Although the Islamist Hamas organization overthrew the PA government in Gaza in 2007 and has been ruling there ever since, Ramallah’s authority officially extends to all areas Israel ceded to it in the Oslo Accords.

The PA has previously blamed Israel for its inability to investigate the prisoner issue. After the al-Sayed family appealed to the PA in 2021, its UN delegation responded, “If reports about Hisham being held in occupied Gaza by non-state groups are correct, this is a result of the ongoing occupation and the failure of the international community to end it.”

Both Israel and the self-declared “State of Palestine,” which has the status of a UN observer state, are signatories to the treaty that obligates countries to ensure the rights of disabled people.

To date, Hamas has never allowed any outsiders to visit the captives. In January it released an undated video of a man it purported was Mengistu, who asked, “How much longer will I be here in captivity after so many years of pain and suffering?” Last June, the terror group released a video of a man it said was al-Sayed, lying in a hospital bed with an oxygen mask over his face, after saying it would prove the captive’s condition was deteriorating.

Jerusalem considered both moves to be attempts to pressure Israel for a prisoner swap.

The terror group has ignored other international requests to see the captives.
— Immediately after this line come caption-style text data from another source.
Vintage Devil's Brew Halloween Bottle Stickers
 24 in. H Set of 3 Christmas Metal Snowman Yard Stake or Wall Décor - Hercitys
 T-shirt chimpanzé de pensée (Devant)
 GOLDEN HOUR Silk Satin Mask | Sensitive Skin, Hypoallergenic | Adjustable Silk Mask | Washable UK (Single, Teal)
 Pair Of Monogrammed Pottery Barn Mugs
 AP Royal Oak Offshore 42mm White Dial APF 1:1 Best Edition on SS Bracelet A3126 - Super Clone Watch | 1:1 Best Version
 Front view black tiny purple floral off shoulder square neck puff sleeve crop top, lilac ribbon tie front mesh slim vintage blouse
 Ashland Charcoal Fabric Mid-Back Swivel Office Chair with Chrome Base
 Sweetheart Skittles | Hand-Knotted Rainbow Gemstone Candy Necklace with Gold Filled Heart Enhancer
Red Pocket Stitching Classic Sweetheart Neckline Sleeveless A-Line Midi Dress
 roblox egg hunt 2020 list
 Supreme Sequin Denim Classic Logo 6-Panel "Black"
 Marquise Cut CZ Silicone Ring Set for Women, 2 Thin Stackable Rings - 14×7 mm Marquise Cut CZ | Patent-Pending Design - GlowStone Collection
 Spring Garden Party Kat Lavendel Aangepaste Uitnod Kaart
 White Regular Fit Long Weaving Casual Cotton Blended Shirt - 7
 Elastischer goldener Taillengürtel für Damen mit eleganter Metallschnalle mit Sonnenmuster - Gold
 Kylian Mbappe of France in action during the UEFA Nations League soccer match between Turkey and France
The International Committee of the Red Cross was denied access, even after its president, Peter Maurer, made the appeal personally in a 2017 visit to Gaza.

At the time, the Red Cross said that it “consistently” urges the terror organization to comply with its obligations under international humanitarian law and release its live prisoners as well as the bodies of two IDF soldiers it snatched during Operation Protective Edge in 2014, Lt. Hadar Goldin and St. Sgt. Oron Shaul.